Usta aktör Ralph Fiennes’e, Gemma Arterton, Djimon Hounsou, Matthew Goode, Daniel Brühl, Tom Hollander, genç aktör Harris Dickinson ve usta isimler Rhys Ifans ve Charles Dance eşlik ediyorlar. Özellikle ‘Rasputin’ rolünde Rhys Ifans, herkesten rol çalıp, belki filmin de önüne geçiyor! Gayet iyi çekilmiş I. Dünya Savaşı ‘sıcak savaş’ ve cephe sahnelerini düşününce, başarılı bir avantür olarak ele alınabilir orijinal öykünün başlangıcına döndüğümüz devam filmi. Yine de, ‘tarih, bu denli tiye alınabilecek bir olgu değil’ diyenler ve yapımın gerek içerik gerekse orijinallik/atmosfer/ton olarak ilk iki filmin gerisinde kaldığını düşünenler için sadece vasati bir ‘hoşça vakit geçirme’ seyrine dönüşüyor perdeye yansıyanlar. (2,5 / 5)


Haftanın notlarımız arasında yer alamayan diğer yenilerine bakacak olursak…
Fatih Mutlu’nun yazıp yönettiği, Açelya Toplaoğlu’nun başrolü üstlendiği komedi türündeki ‘Nalan’, Fuat Yılmaz imzası taşıyan, Adem Yılmaz ve Ayşenaz Atakol’u izlediğimiz dram ‘Canım Dayım’, Metin Yücel’in yönetmen koltuğunda oturduğu korku türündeki ‘Lübbey’in Laneti’ ve Hakan Bol ile H. Sinan Güngor’un birlikte yönettikleri yerli animasyon ‘Aslan Hürkuş Kayıp Elmas’, haftanın notlarımızda yer alamayan diğer yenileri… 
İçinizde yaşayan sinemadan çıkmış insanın elini sakın ha bırakmayın! İyi seyirler herkese.

 

TARİHTE BU HAFTA

On bir yıl önceye, 2011 yılına gidiyor; tarihte bu haftayı anımsıyoruz.

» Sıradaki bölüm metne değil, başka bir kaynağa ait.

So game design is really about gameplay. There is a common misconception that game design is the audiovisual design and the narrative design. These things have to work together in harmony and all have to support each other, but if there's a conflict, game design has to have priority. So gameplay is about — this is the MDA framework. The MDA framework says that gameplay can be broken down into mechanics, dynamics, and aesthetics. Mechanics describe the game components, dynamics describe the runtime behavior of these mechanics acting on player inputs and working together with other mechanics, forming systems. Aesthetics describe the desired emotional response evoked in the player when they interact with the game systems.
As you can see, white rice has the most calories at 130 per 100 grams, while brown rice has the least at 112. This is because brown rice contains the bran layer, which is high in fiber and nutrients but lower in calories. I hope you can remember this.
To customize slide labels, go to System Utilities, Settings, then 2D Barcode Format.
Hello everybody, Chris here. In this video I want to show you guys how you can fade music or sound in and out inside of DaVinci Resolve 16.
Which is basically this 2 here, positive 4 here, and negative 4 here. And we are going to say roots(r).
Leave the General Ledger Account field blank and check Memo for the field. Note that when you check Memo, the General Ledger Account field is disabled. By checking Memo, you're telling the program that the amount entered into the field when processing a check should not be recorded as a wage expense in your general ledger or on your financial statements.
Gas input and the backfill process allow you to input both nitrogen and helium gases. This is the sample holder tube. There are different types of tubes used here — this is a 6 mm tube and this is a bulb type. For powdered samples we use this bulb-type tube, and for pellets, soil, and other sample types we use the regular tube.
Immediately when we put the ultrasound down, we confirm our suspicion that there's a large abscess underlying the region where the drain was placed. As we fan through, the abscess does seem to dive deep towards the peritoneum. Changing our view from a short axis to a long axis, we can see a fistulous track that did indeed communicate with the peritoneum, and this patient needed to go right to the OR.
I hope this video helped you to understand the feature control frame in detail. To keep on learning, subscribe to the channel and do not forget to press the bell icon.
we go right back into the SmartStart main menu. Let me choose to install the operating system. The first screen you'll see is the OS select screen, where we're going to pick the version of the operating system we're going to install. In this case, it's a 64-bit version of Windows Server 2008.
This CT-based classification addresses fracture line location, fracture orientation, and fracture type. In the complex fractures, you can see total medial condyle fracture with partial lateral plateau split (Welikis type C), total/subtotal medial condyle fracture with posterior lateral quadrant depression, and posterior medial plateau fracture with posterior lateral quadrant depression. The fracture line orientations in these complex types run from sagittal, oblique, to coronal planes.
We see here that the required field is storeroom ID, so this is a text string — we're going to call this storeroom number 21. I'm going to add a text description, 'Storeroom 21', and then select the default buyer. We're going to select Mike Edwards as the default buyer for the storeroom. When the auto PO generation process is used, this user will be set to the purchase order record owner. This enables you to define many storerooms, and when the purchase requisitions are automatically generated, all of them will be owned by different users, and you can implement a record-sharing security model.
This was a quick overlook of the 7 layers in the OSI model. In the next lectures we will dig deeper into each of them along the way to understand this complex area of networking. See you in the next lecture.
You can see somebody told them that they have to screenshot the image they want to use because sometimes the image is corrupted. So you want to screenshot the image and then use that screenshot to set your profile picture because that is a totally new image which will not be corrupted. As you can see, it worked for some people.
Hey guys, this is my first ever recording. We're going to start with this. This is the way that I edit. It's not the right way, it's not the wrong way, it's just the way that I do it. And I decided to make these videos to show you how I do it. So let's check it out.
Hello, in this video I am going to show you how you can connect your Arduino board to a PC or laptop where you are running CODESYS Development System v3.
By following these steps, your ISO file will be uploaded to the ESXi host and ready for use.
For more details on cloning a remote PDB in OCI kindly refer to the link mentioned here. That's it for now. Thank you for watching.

Vizyonda bu hafta (7 Ocak 2011)

Bosnalı sinemacı Danis Tanovic imzalı dram ‘Güzel Bir Hayat Düşlerken / Cirkus Columbia’, haftanın izleyemediğim filmi. Çayan Demirel’in ödüllü belgeseli ‘5 No’lu Cezaevi 1980-1984’ ile yediden yetmişe hemen herkesi güldüren, Ata Demirer ve Demet Akbağ’lı popüler komedinin merakla beklenen ikinci bölümü ‘Eyyvah Eyvah 2’ ise notlarımız arasında. Herkese iyi seyirler!

EYYVAH EYVAH 2
Senaryosu Ata Demirer imzalı komedinin ilk filminde hiç tanımadığı babasını bulmak için İstanbul’a gelen Trakyalı klarnetçi Hüseyin Badem ve gece kulüplerinin prensesi Firuzan ile tanışmıştık. Durum ve karakter komedisi, anlık ‘gag’larla ve ‘fasulye’ adlı şarkısıyla geniş bir hayran kitlesi edinmişti kendine. Bayağılığa kaçmadan güldüren komedi gişede de başarılı olunca ikinci bölümü çıkageldi haliyle. Demet Akbağ ve Ata Demirer, güldürmeye kaldıkları yerden devam ediyorlar. Geyikliye dönen Hüseyin ile Firuzan ablası, bu kez Hüseyin’in gönül işini, güzel hemşire Müjgan ile ilişkisini ‘mutlu son’a bağlamaya çalışıyorlar. İkiliyi ve çevrelerindekileri bekleyen sürprizler, komik durumlar yaratıyor yine. İlk filmin oyuncularından Özge Borak (Müjgan), bu kez daha fazla role sahip. Popüler olmaya aday yeni şarkıları ve anlık esprileriyle üçüncü bölüme hazırlık yapan filmi, ilkinde olduğu gibi “Döngel Kerhanesi”yle de tanıdığımız Hakan Algül yönetmiş. İlk film kadar güleceğinizi tahmin ettiğim yeni bölümde, favori esprim ‘Trakyalı Şrek’ benzetmesi. Eski Yeşilçam komedilerinin naifliğinde olan öykü, sıcak karakterlerinin de etkisiyle ilgiyle izleniyor. Mütevazı yapım, sınırlarını biliyor. BKM yapımı sevimli komedi, sinema büyüsü ve dokusu adına iddialı olmadığını henüz ilk filmde söylemişti bize zaten. Sınırlarını bilerek, kasmadan, sığlığa saplanmadan, keyifli anlar vaat eden “Eyyvah Eyvah 2” de, aynı ilki gibi popüler sinema adına düzgün bir örnek olmuş.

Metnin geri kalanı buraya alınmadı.